So says conservative columnist and commentator David Brooks in The Atlantic.
But we don’t know it, he says, because “negativity is by now so deeply ingrained in American media culture that it’s become the default frame imposed on reality.”
"In large part, this is because since the dawn of the internet age, the surest way to build an audience is to write stories that make people terrified or furious,” he says.
"This permanent cloud of negativity has a powerful effect on how Americans see their country,” Brooks says. "When Gallup recently asked Americans if they were satisfied with their personal life, 85 percent said they were, a number that has remained remarkably stable over the past 40 years. But when Gallup asked Americans in January 2022 if they were satisfied with the direction of the country, only 17 percent said they were, down from 69 percent in 2000. In other words, there was a 68-percentage-point gap between the reality people directly experienced in their daily life and the reality they perceived through the media filter.”
"The first problem with all this pessimism is that it is ahistorical,” Brooks says. "Every era in American history has faced its own massive challenges, and in every era, the air has been thick with gloomy jeremiads warning of catastrophe and decline. Pick any decade in the history of this country, and you will find roiling turmoil. But in all of those same decades, you will also find, alongside the chaos and the prophecies of doom, energetic dynamism and leaping progress.
"The second problem with the decline narrative is that it distorts reality. My basic take is that life in America today is objectively better than it was before but subjectively worse. We have much higher standards of living and many conveniences, but when it comes to how we relate to one another — whether in the realm of politics, across social divides, or in the intimacies of family and community life — distrust is rife, bonds are fraying, and judgments are harsh.
“But that doesn’t mean the future isn’t going to be brighter than the present, or that America is in decline. The pessimists miss an underlying truth — a society can get a lot wrong as long as it gets the big thing right. And that big thing is this: If a society is good at unlocking creativity, at nurturing the abilities of its people, then its ills can be surmounted.”
Brooks presents lots of statistics on ways humanity in general and America in particular continue to unleash human creativity: in improved living standards, education, productivity, equality, life expectancy, innovation infrastructure, technology.
"I’ve bludgeoned you with statistics in order to make a point: Pessimism about our future is unwarranted,” Brooks says. "You may think that one major American political party has gone crazy, and I will agree with you. You can point to all of the ways in which life in America is infuriating and unjust, and I will agree with you there too. But the story of America is a story of convulsion and reinvention. We go through moments when the established order stops working. People and movements rise up, and things change. The culture is a collective response to the problems of the moment; as new problems become obvious, the culture shifts. We’ve been in the middle of one of those tumultuous transition periods since, I’d say, 2013. But 2022 evinced hopeful signs that we’re coming out of it.

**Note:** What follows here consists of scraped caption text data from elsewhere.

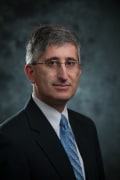 Leone, John F.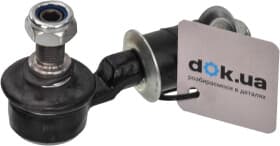 Стойка стабилизатора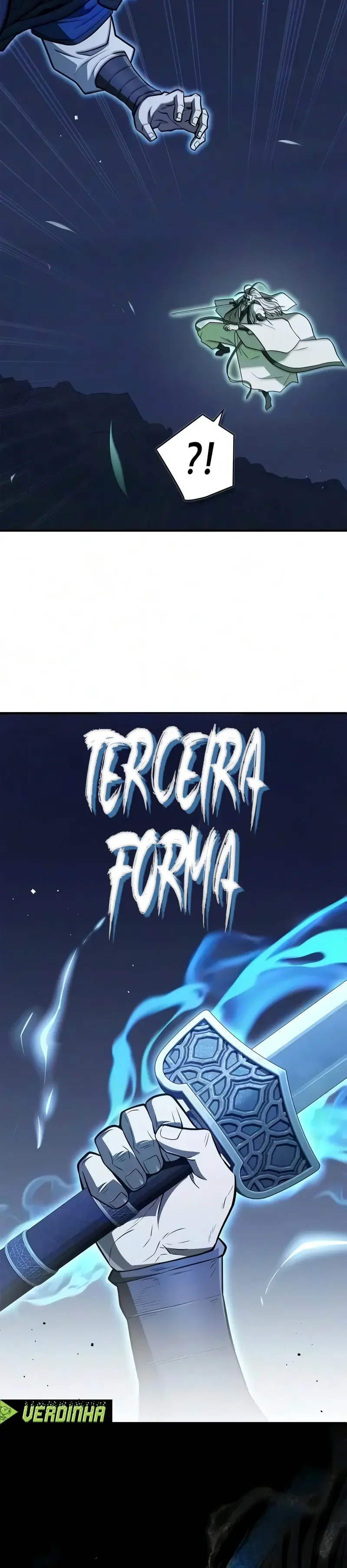 Página 16 do Capítulo 114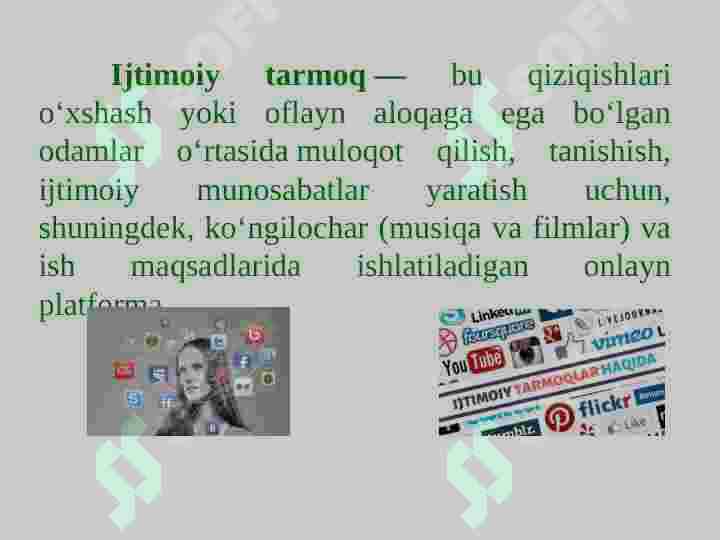 Toliq figurali etuk ayollar porno fotosuratlar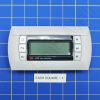 Carel PGD0000WZ0 Wall Mount Digital Display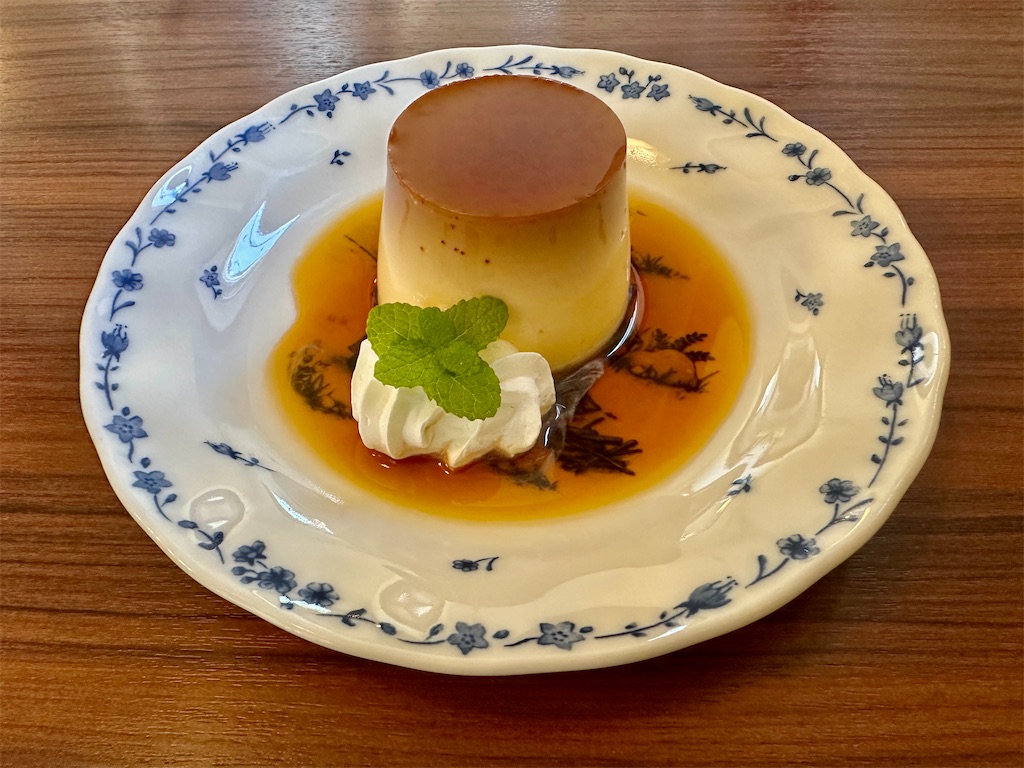 f:id:yoshink4:20230111194458j:image f:id:yoshink4:20230111194458j:image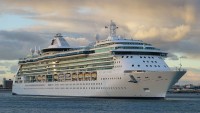 Brilliance_of_the_Seas_Boston_2014_04_(cropped).JPG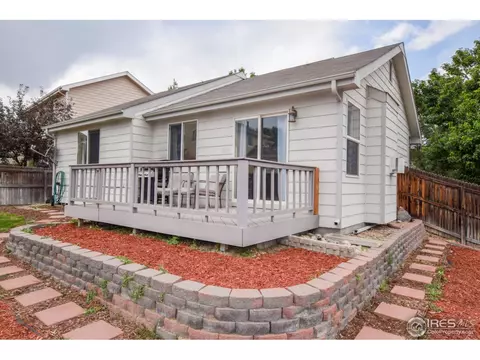 1492 E 96th Ln, Thornton, CO 80229 photo 25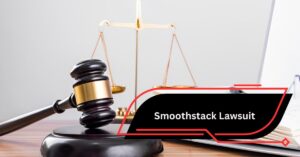 Smoothstack Lawsuit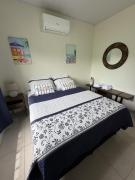 Studio confort Uvita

"If there is one lesson from the events of the past year, it is that open societies such as ours have an ability to adapt in a way that closed societies simply do not. Russia has turned violent and malevolent. China has grown more authoritarian and inept. Meanwhile, free democratic societies have united around the Ukrainians as they battle to preserve the liberal world order. And American voters seem to finally be adapting to the threat Donald Trump poses to our democracy, forming a robust anti-Trump coalition that will significantly lessen his chances of ever working in the White House again.
"America is a wounded giant, and many of its wounds are self-inflicted. But America has always been a wounded giant. And it has always stumbled forward, driven by an inner turbine of ambition and aspiration that knows no rest."